### What to produce
Please set down only the lines running from the one with "Gagged Gold Star" through the last line of the entries, exactly as written and without any pictures.
· · · ·
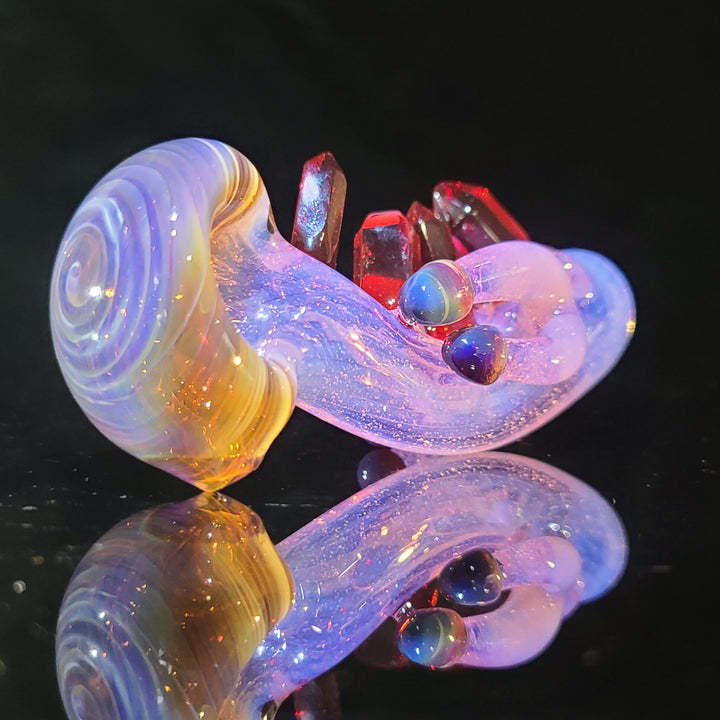 Hippy Flip Pipe Glass Pipe Love Glass   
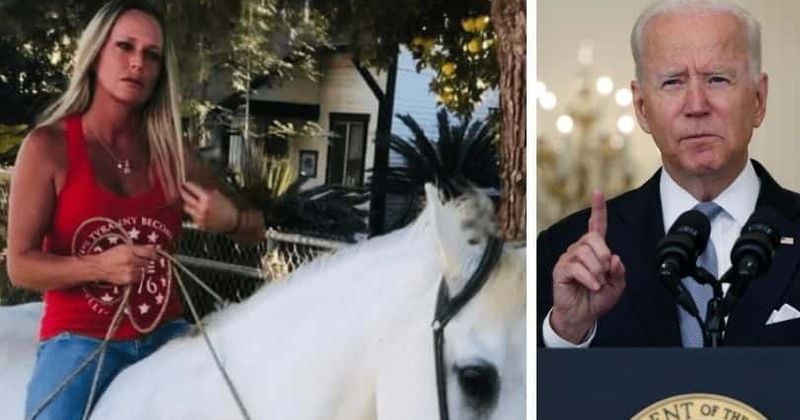 Gagged Gold Star mom Shana Chappell blames Joe Biden for social media ban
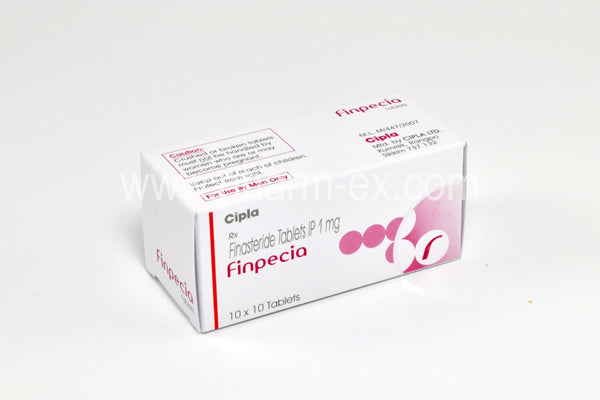 Finpecia 1mg 100 tablet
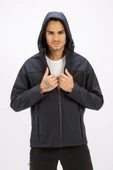 Exuma Erkek Softshell Mont thumbnail 4
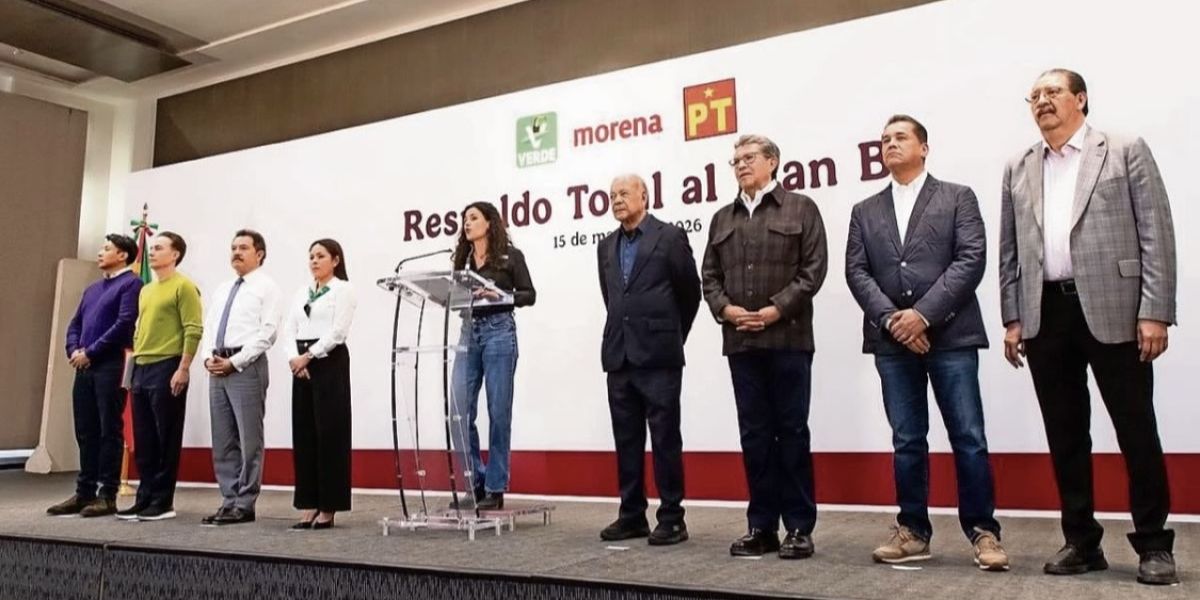 Cruje ‘luna de miel’ de la 4T: PT y el PVEM se despegan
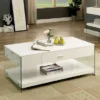 Contemporary White Coffee Table 1 Contemporary White Coffee Table -Baxton Acme Shop 0fddd439 3c72 4caf a3ae 394128bc277d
· · · ·
### Output for this exercise
 Gagged Gold Star mom Shana Chappell blames Joe Biden for social media ban
 Finpecia 1mg 100 tablet
 Exuma Erkek Softshell Mont thumbnail 4
 Cruje ‘luna de miel’ de la 4T: PT y el PVEM se despegan
 Contemporary White Coffee Table 1 Contemporary White Coffee Table -Baxton Acme Shop 0fddd439 3c72 4caf a3ae 394128bc277d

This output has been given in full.